It’s too bad that “summer reading” is now something you have to do for school to keep all those people happy who think children should have a longer school year so they don’t lose their “edge” during a long “disruptive” break. Since education is growing more and more into an assembly line based on “common core standards” (production qualifications) and “teaching to test”, Mark Garrison points out:
Thus, students are to be made “career and college ready” — that is, market ready, ready to be consumed. The act of their consumption by “business” or the “education” industry is redefined as “opportunity”.

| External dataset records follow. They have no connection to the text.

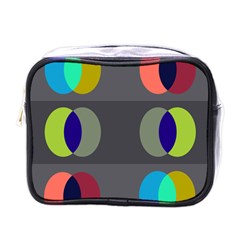 Circles Line Color Rainbow Green Orange Red Blue Mini Toiletries Bags by Mariart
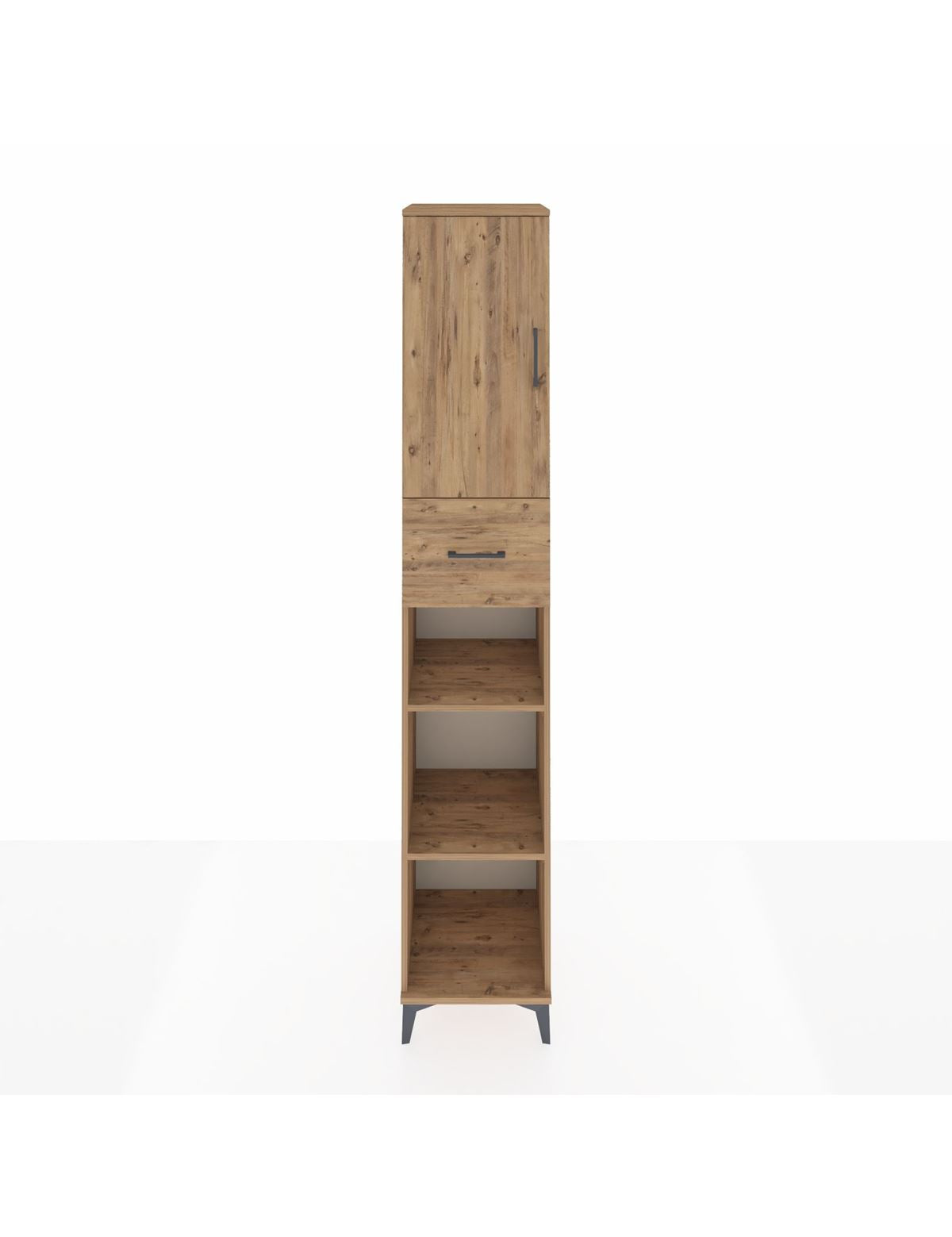 Hyperion Dolap 5 Raflı Tek Çekmeceli Tek Kapaklı 44x44x243 Çam-Çam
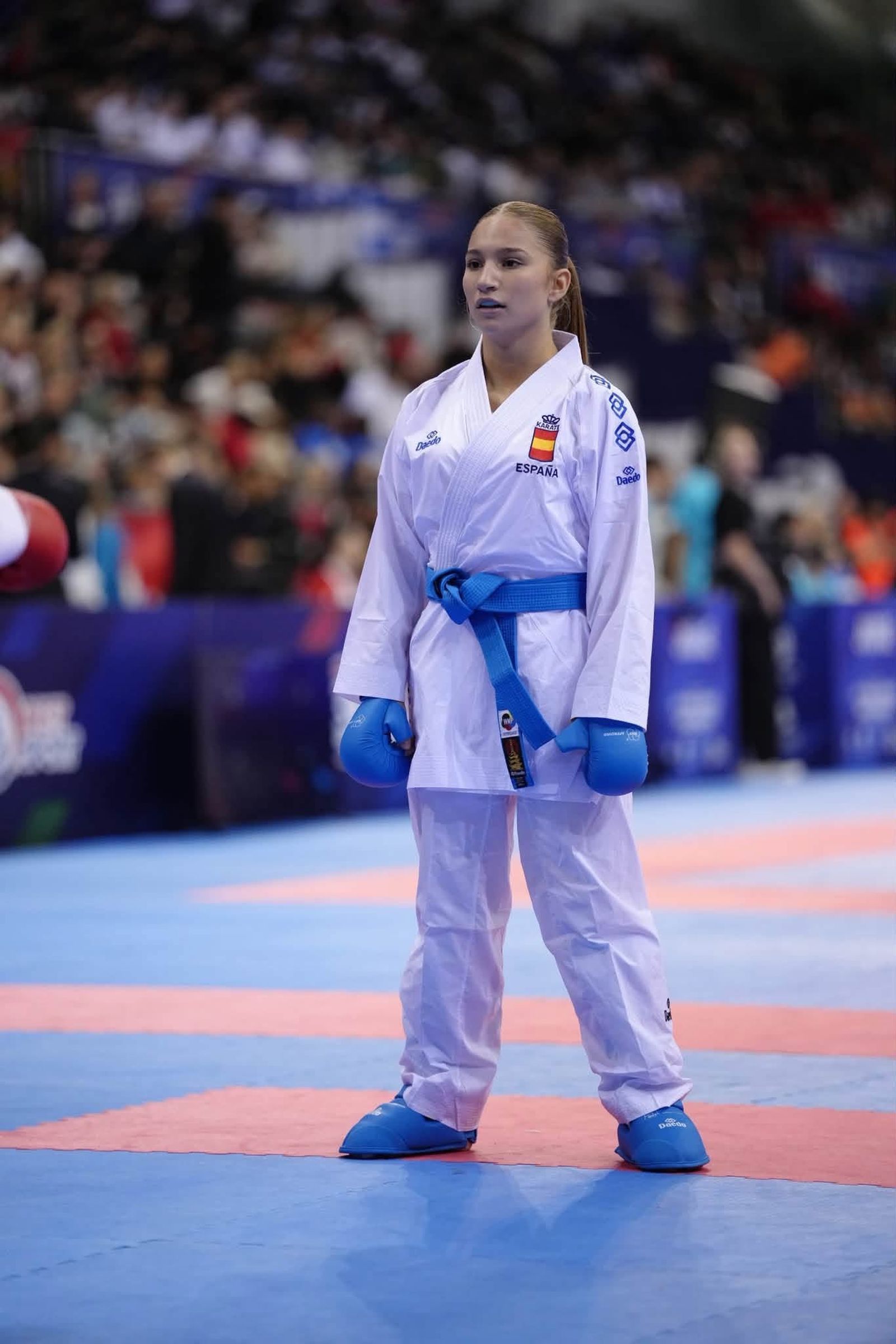 Julia Melgar, durante uno de sus cruces eliminatorios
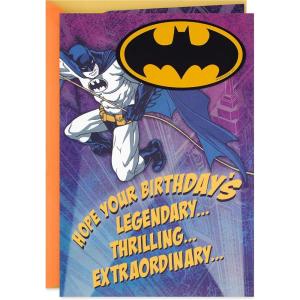 Hallmark Batman Pop Up Birthday Card for Him (Heroic Day) Paper Wonder 3D Card(Batman Magnet)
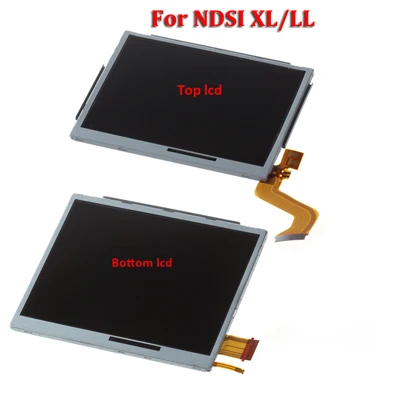 For NDSi XL Top Запасные части: верхний нижний и верхний Нижний ЖК-экран для Kind DS Lite/NDS/NDSL/NDSi New 3DS LL XL для Kind Switch - Цвет: For NDSi XL Top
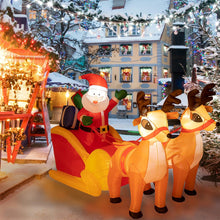 Cargar imagen en el visor de la galería, Decoración navideña inflable de 4,5 x 7 pies
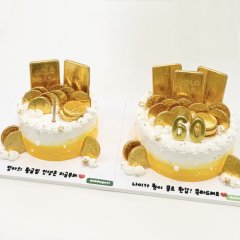GOLD 케이크 3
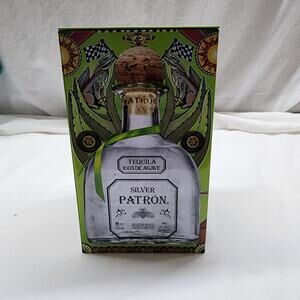 Green Bee Silver Patron Collectable Tin with Lid V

For those who look at the world this way, humans are no different from natural resources… Humans also become, in this model, reduced to a conduit for the exchange of capital, as various monopolies hedge their bets on the “value added” at any point in the production/consumption process.

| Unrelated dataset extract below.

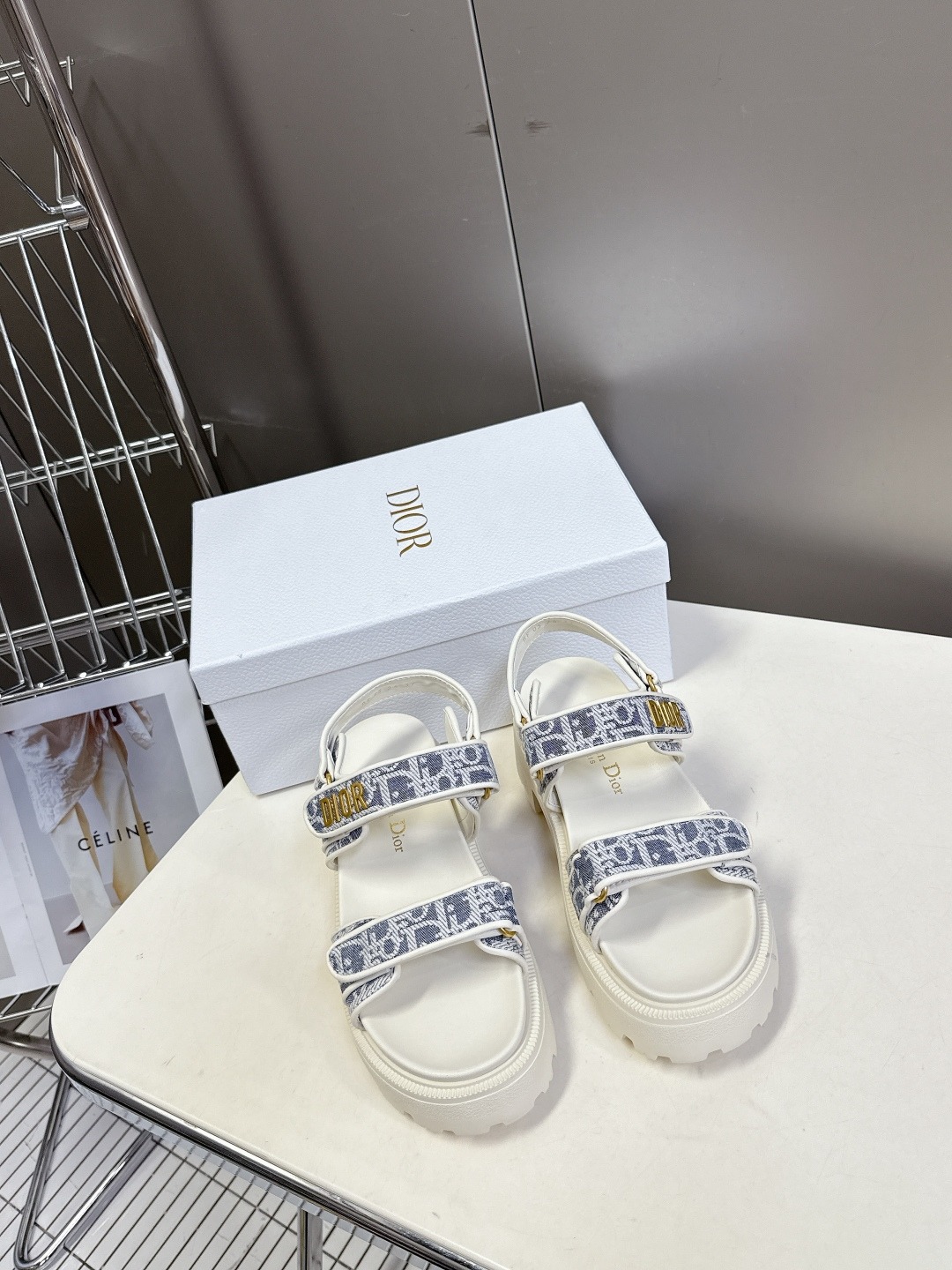 디* 봄여름 최신 벨크로 샌들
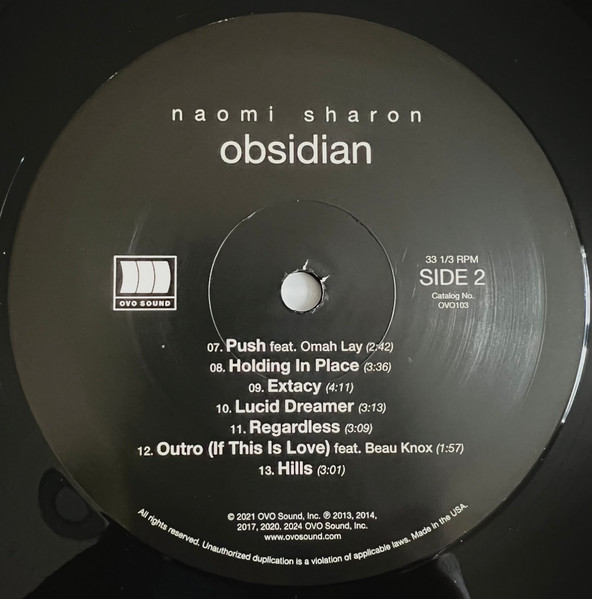 Naomi Sharon - Obsidian | OVO Sound (OVO103) - 4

The new Common Core Standards also eliminate fictional literature and personal narrative in favor of non-fiction dealing with information and “facts”. The hope eventually being that student essays will be graded by computers searching for patterns.
I myself, am part of that “weak culture”, I guess, (so categorized by James Davison Hunter) that looks to the past rather the “vibrant future” ahead.

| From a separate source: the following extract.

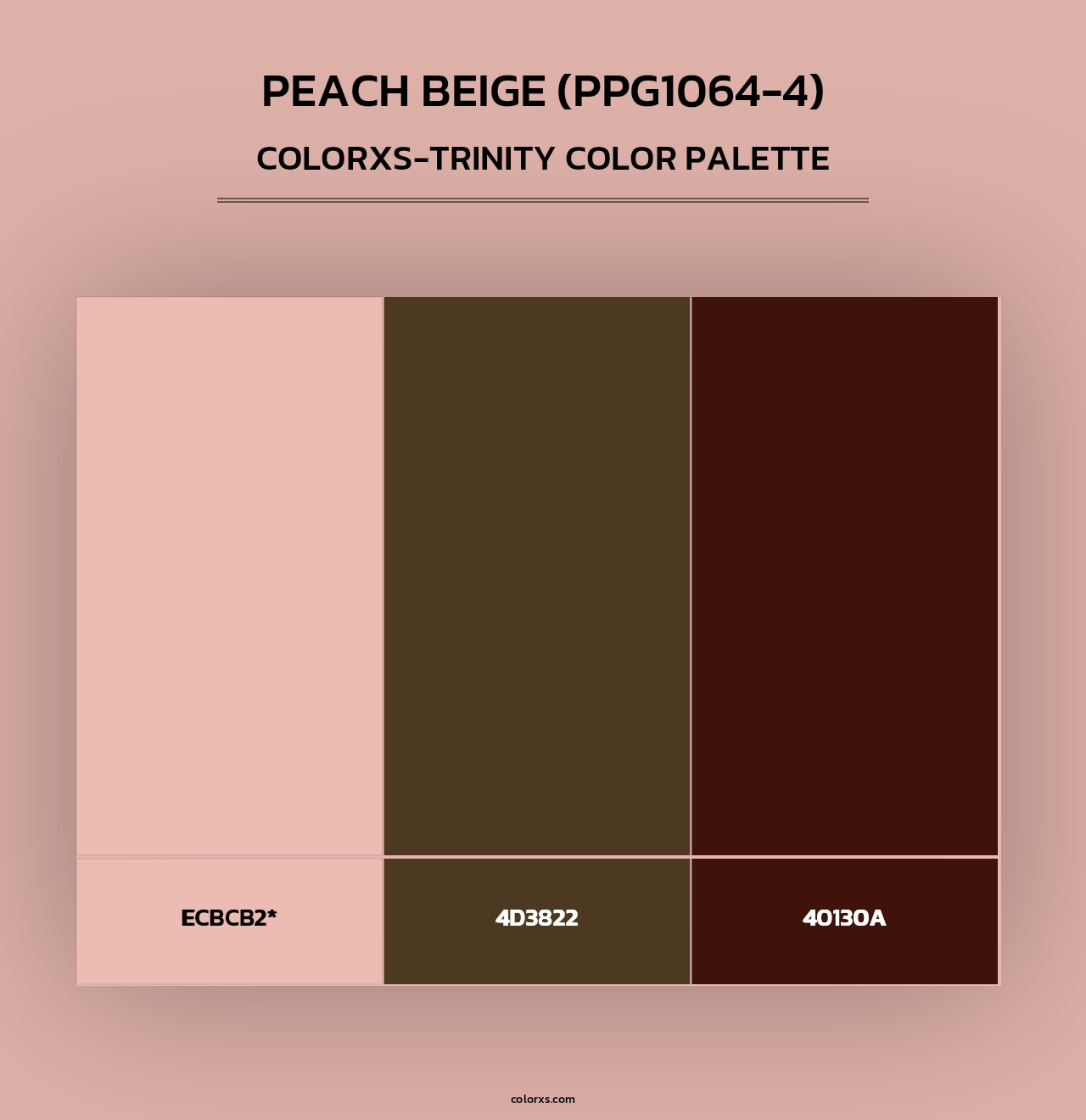 Peach Beige (PPG1064-4) - Colorxs Trinity Palette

Summer reading was when school got out in May and the warm unstructured months stretched out endlessly before you. You walked to the library and the assault on the senses upon entering was intoxicating. There was the good old smell of books… paper, not new and crisp but comfortably established. This was because of the higher temperatures and humidity (think Midwest) than during the school year and the daunting number of stacks beckoned one in. Leafing through satisfying pages at the tables grounded you in possibilities. There were summer posters, not educational, but well, “summery”. Bugs, Flowers, Bees. The peaceful quiet weighed heavily. The best part was you didn’t have to be there.
I remember getting fiction books- mostly (I love to say it!) lowbrow Nancy Drew mysteries and later Rosamund de Jardin romances (Toby Heydon and Marcy Rhodes), and of course the now elevated classics (I didn’t know the difference or care) like My Friend , Flicka , the Little House books, National Velvet etc. There are so many I don’t remember. But I know that as I left with my arms loaded, summer reading was one of the things I loved most. It soothed my childhood soul.